Every word in the data below belongs in your copy, exactly as given; the pictures do not.

*INFORMATION SHOWN:*
----

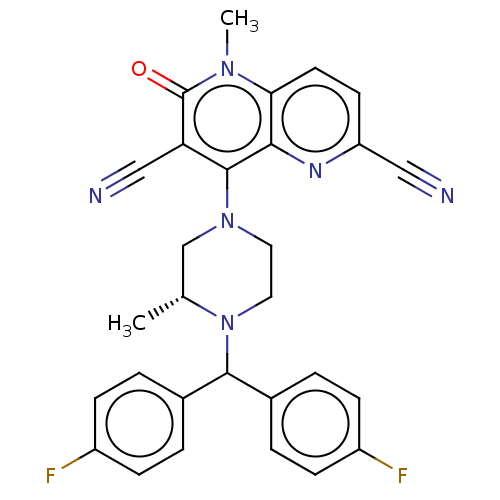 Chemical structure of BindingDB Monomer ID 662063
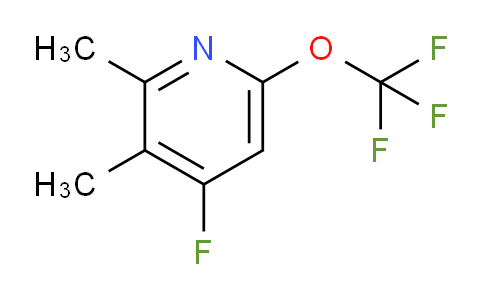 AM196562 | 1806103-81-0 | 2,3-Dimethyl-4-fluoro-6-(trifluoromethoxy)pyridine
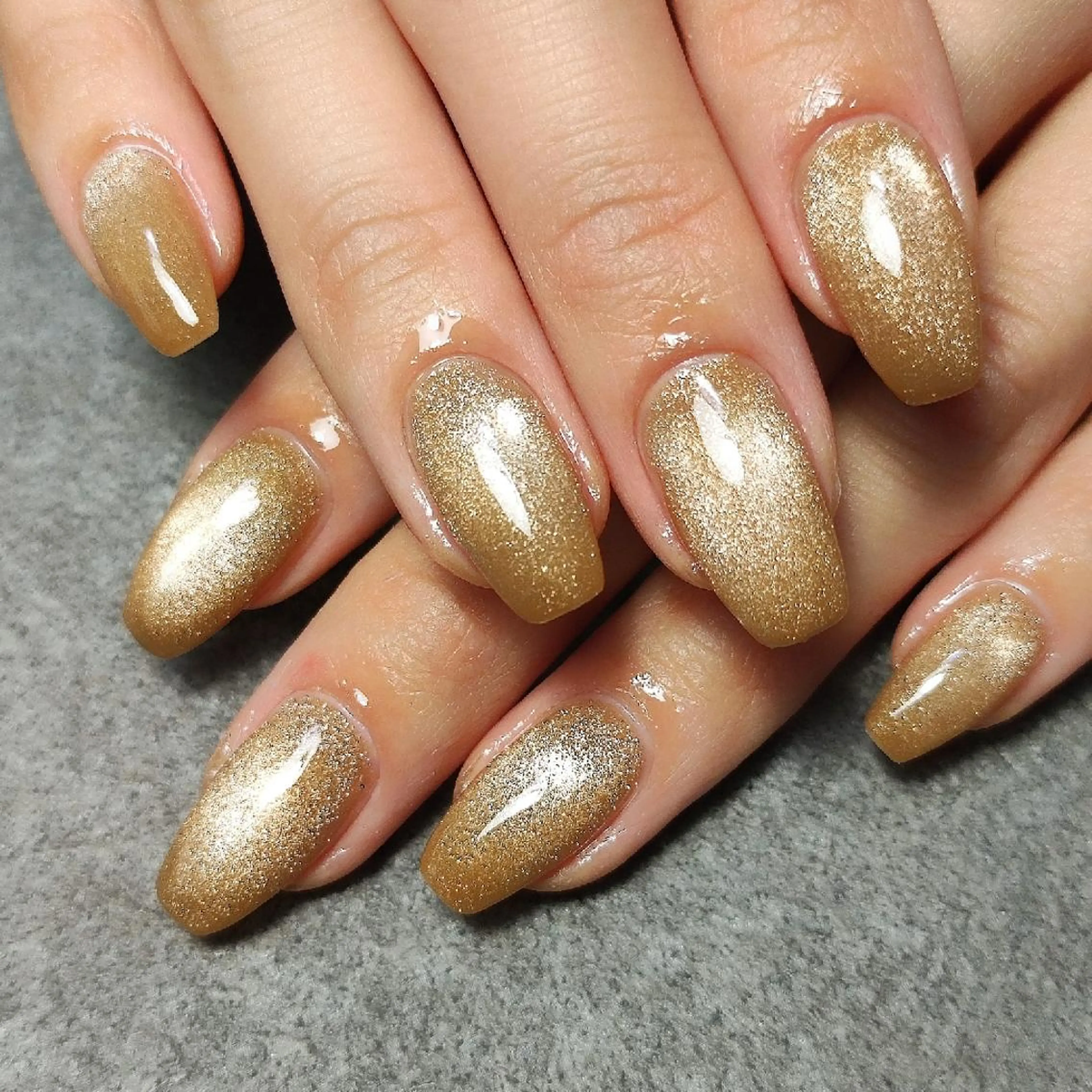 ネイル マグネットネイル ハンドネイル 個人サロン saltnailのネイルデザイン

----

*RESPONSE TO THIS TASK:*
 Chemical structure of BindingDB Monomer ID 662063
 AM196562 | 1806103-81-0 | 2,3-Dimethyl-4-fluoro-6-(trifluoromethoxy)pyridine
 ネイル マグネットネイル ハンドネイル 個人サロン saltnailのネイルデザイン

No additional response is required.